You can replace f with the decorated version by doing f = output_decorator(f). If you now call f(), you get the decorated version, i.e. the original function, plus the print output. Python provides some syntactic sugar to make this even easier:

@output_decorator
def f()
    # ... define f ...

If that didn’t make sense, Simeon Franklin’s Understanding decorators in 12 easy steps is a tutorial that takes you from the fundamentals of first class functions to the principles of decoration. It’s great!

The side-effect of our output_decorator is not very interesting. But we could go beyond pure side-effects and augment the operation of the function itself. For example, the decorator could add precisely the kind of cache required for memoization, and intercept calls to the decorated function when the answer is already in the cache.

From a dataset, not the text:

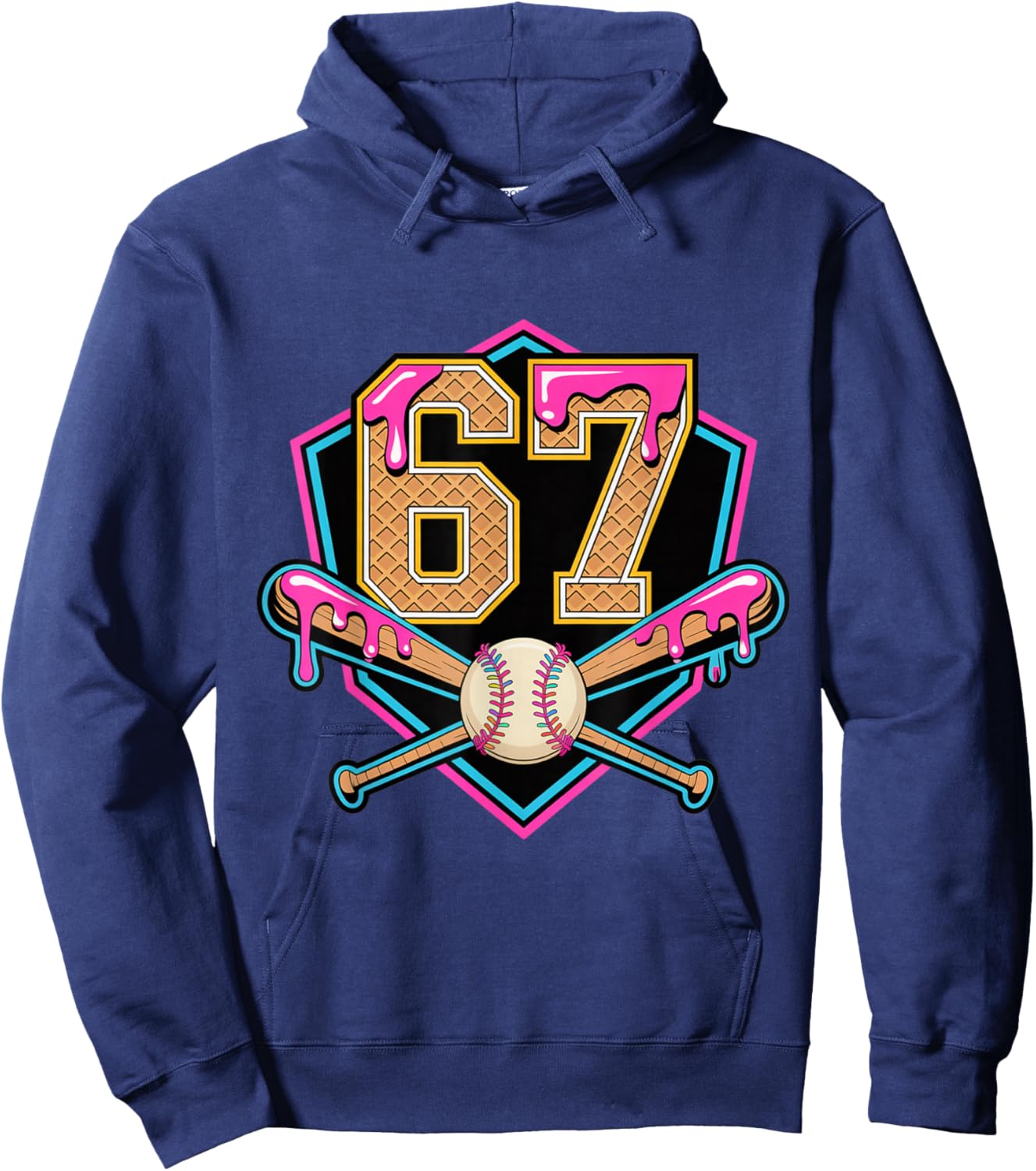 Baseball Drip Number 67 Player Or 67th Birthday Hoodie - Hoodie | Navy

But if you try to write your own decorator for memoization, you quickly get mired in the details of argument passing and, and once you’ve figured that out you get truly stuck with Python introspection. Put simply, naively decorating a function is a good way to break the features the interpreter and other code depends on to learn about the function. For more details, check out the documentation of the decorator module, The decorator and wrapt modules figure these introspection issues out for you if you’re happy to use non-standard library code.

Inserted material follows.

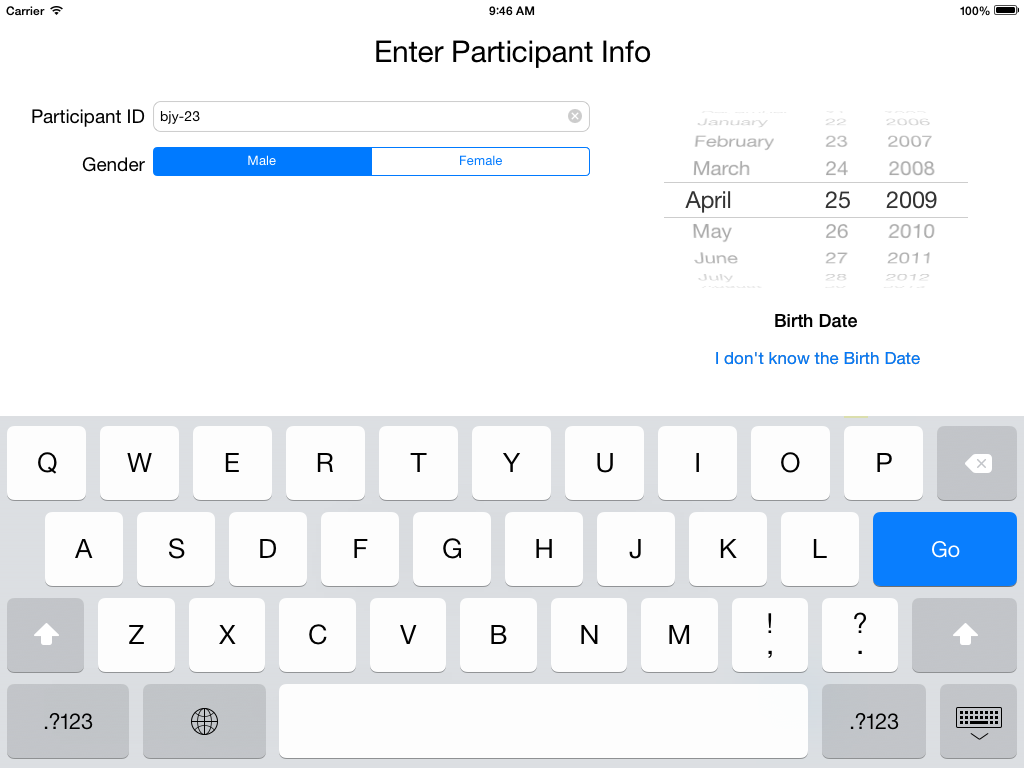 Screenshot of info entry screen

But luckily for us, for the particular case of memoization, the fiddly decorator details have been worked out, and the solution in in the standard library.

functools.lru_cache

If you’re running Python 3.2 or newer, all you have to do to memoize a function is apply the functools.lru_cache decorator:

import functools

@functools.lru_cache()
def fib_lru_cache(n):
    if n < 2:
        return n
    else:
        return fib_lru_cache(n - 2) + fib_lru_cache(n - 1)

Note this is simply the original function with an extra import and a decorator. What could be simpler? And applying this decorator gives the six orders of magnitude speedup we expect:

In [5]: %time [fib.fib_lru_cache(i) for i in range(1, 35)]
CPU times: user 57 µs, sys: 1 µs, total: 58 µs
Wall time: 61 µs

The LRU in lru_cache stands for least-recently used. It’s a FIFO approach to managing the size of the cache, which could grow very large for functions more complicated than fib(). But fundamentally, the approach to memoization taken by this standard library decorator is the same as is discussed above. In fact, And there are backports of this decorator if you’re stuck on Python 2.7 (or want to take a quick look at the code).

lru_cache is not without compromises and overheads (note that fib_lru_cache is half the speed of our first attempt at memoization), but its trivial decorator interface makes it so easy to use that, when you find a good place in your application for memoization, it’s as easy as throwing a switch.